Sidney D. Drell, a senior fellow at the Hoover Institution and professor emeritus of theoretical physics at the Stanford Linear Accelerator Center (SLAC) at Stanford University, will speak at 8 p.m. Friday June 4, on "The Gravest Danger: Nuclear Weapons and their Proliferation" in room 102 of the Mills Godwin Jr. Building on the Old Dominion University campus. The talk, which is free and open to the public, is part of the third international symposium on the Gerasimov-Drell-Hearn Sum Rule, hosted by the ODU physics department and the Thomas Jefferson National Accelerator Facility from June 2-5.

The goal of the symposium, to be held in ODU's Godwin and Oceanography and Physics buildings, is to bring together experimentalists and theorists working on spin structure functions and their moments at low and intermediate energies. Previous symposiums were held in Mainz, Germany and Genova, Italy.

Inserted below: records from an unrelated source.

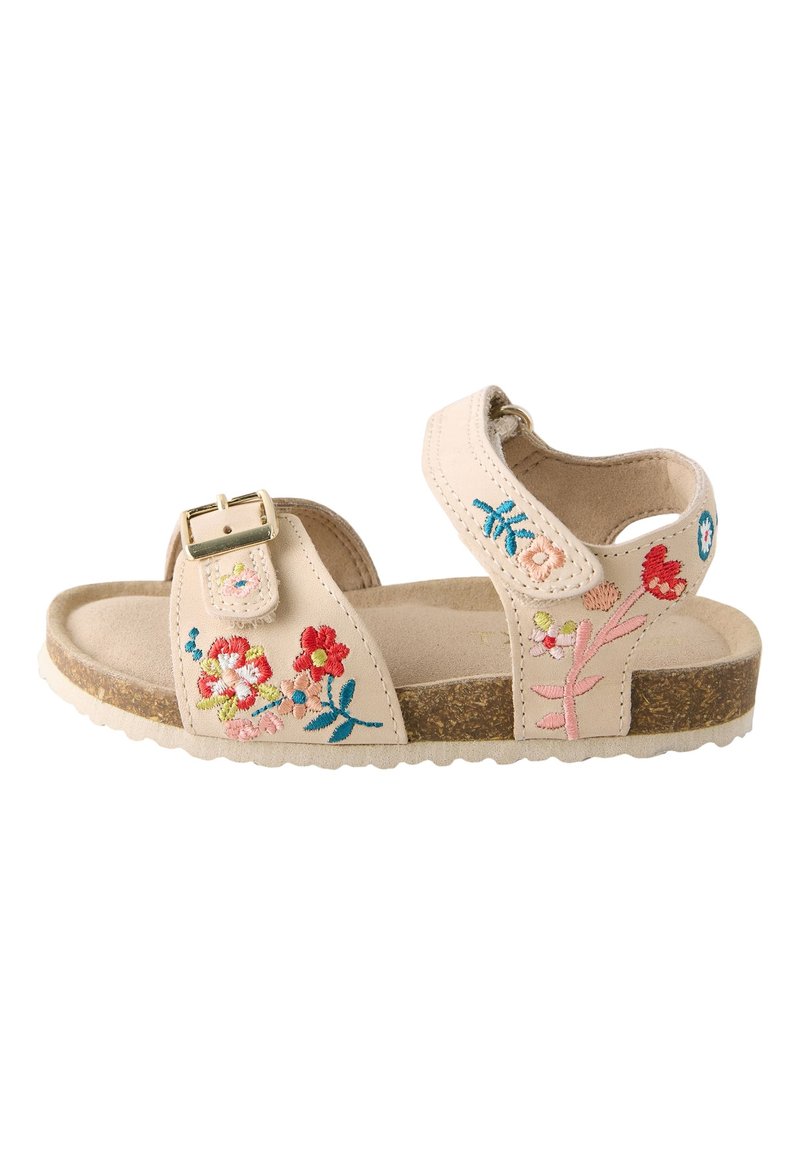 Sandale enfant beige avec broderie florale, boucle réglable et brides Velcro, semelle imitation liège et semelle extérieure en caoutchouc texturé.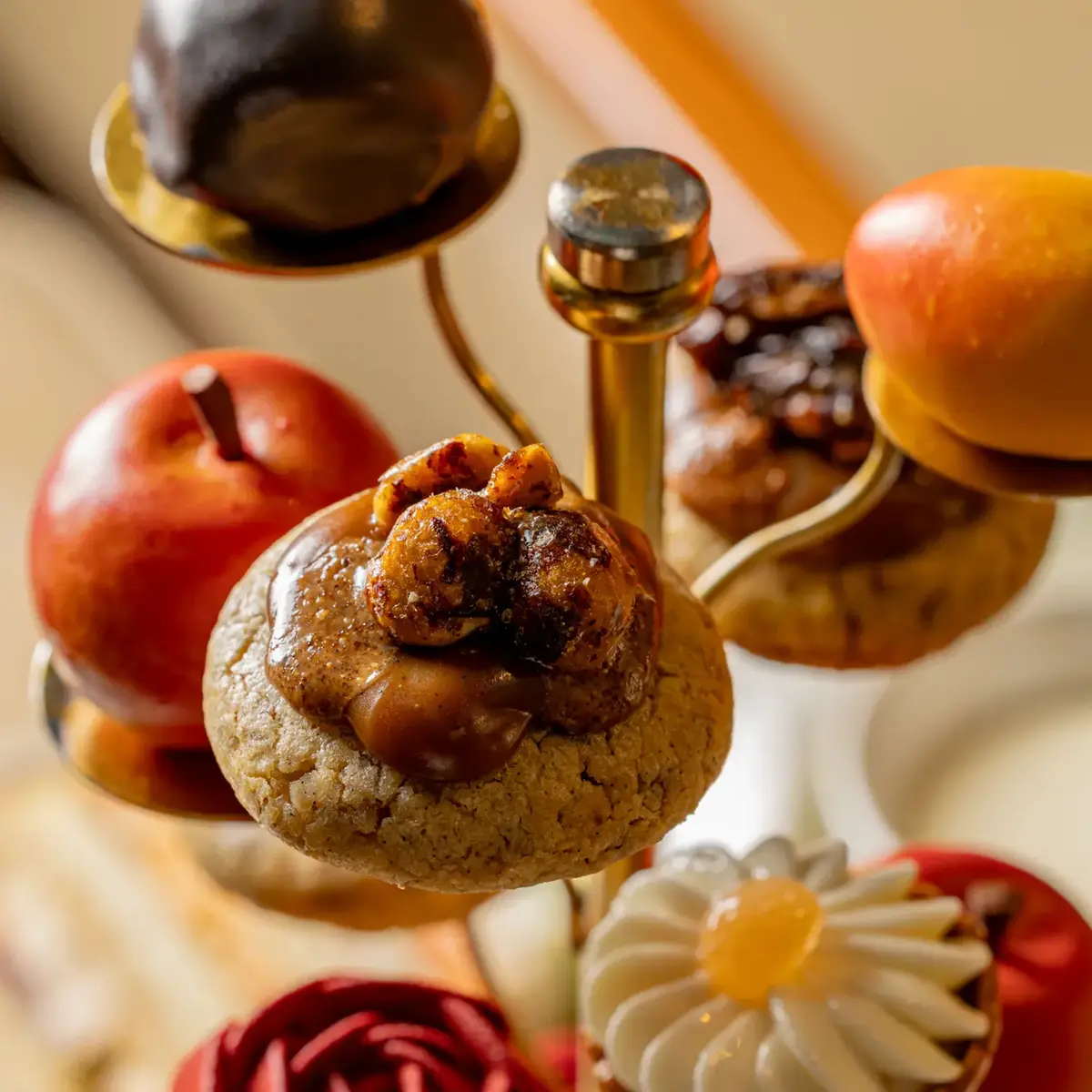 Close-up of a tiered stand with miniature pastries, including cookies, cream-topped tart and fruit, arranged on gold tiers.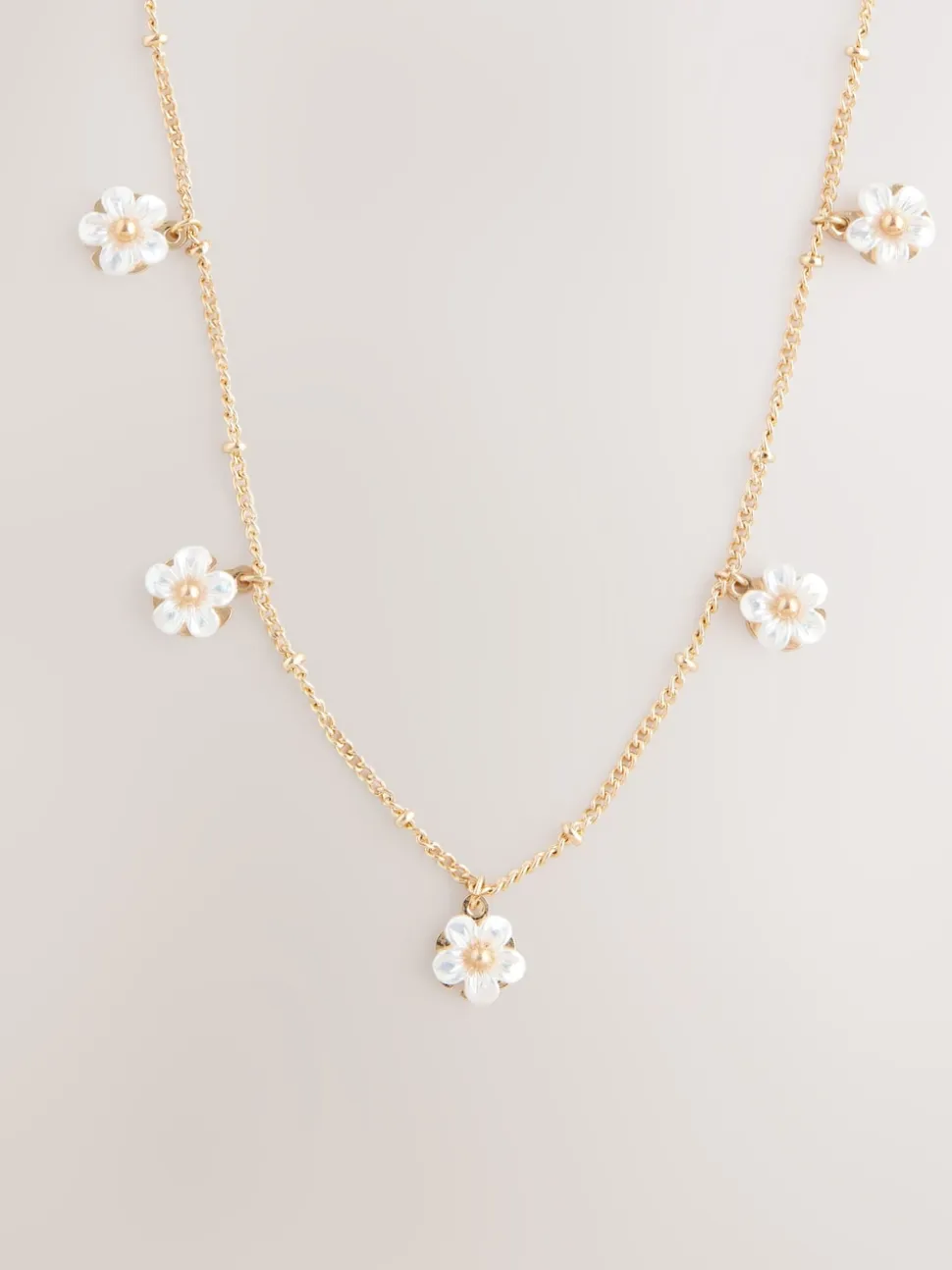 Goudkleurig - Ketting met bloemenhanger
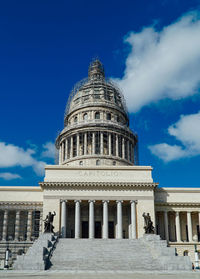 Low angle view of historic building against blue sky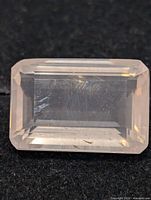Front view of rectangular faceted rose quartz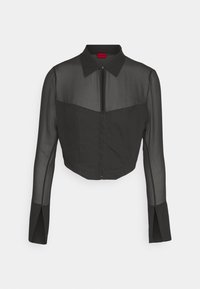 Schwarze, kurz geschnittene Jacke mit einem einfarbigen Oberteil und durchsichtigen langen Ärmeln. Verfügt über einen Kragen und einen Reißverschluss vorne. Sauberes, minimalistisches Design.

The symposium will consist of 20 invited talks, 30 contributed talks and two sessions with roundtable discussions on topics ranging from the Gerasimov-Drell-Hearn Sum Rule with real photons and its extensions to virtual photons and spin polarizabilities and Compton scattering.

A theoretical physicist and arms control specialist, Drell is widely recognized for his contributions in the study of theoretical physics, particularly elementary particle processes and quantum theory. He is a founding member of JASON, a group of approximately fifty academic scientists who convene semiannually to study selected scientific issues for the military and other federal agencies on issues of national importance. Drell is a member of the Advisory Committee to the National Nuclear Security Administration, chairs the Senior Review Board for the Intelligence Technology Innovation Center and acts as a consultant to the Los Alamos National Laboratory.

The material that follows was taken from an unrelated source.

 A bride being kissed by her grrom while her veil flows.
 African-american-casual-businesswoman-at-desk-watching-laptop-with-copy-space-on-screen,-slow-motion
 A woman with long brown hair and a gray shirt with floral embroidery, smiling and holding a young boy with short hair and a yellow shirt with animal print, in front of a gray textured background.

As an adviser to the executive and legislative branches of government on national security and defense technical issues, Drell served as chairman of the panel on Nuclear Weapons Safety of the House Armed Services Committee, the Technology Review Panel of the Senate Select Committee on Intelligence, and the UC President's Council that oversees Los Alamos, Lawrence Berkeley, and Lawrence Livermore National Laboratories.

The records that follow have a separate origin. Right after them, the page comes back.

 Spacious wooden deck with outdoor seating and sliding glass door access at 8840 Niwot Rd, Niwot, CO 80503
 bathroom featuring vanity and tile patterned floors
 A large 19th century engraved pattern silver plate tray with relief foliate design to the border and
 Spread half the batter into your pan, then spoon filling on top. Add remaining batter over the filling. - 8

From 1993 to 2001, Drell served as a member of the President's Foreign Intelligence Advisory Board. He has also been a member of the Commission on Maintaining U.S. Nuclear Weapons Expertise and the President's Science Advisory Committee.

He has received several awards, including the National Intelligence Distinguished Service Medal, the William O. Baker Award for contributions to national security, the Heinz R. Pagels Human Rights of Scientists Award, and the Enrico Fermi Award, the nation's oldest award in science and technology. He was one of 10 scientists honored in 2000 as "founders of national reconnaissance as a space discipline" by the U.S. National Reconnaissance Office.

Drell has written two books on relativistic quantum mechanics and fields with J.D. Bjorken that have been widely translated and used for more than 30 years. He also wrote "Reducing Nuclear Danger" with McGeorge Bundy and William J. Crowe Jr. His 1983 Danz lectures at the University of Washington were published in "Facing the Threat of Nuclear Weapons." In 1993, a collection of his writings and congressional testimony was published in "In the Shadow of the Bomb: Physics and Arms Control."

After joining the physics faculty at Stanford in 1956, Drell transferred to SLAC when it was created in 1963 and served as deputy director until retiring in 1998. He received his bachelor's degree in 1946 from Princeton University and his master's and doctorate from the University of Illinois in 1947 and 1949, respectively.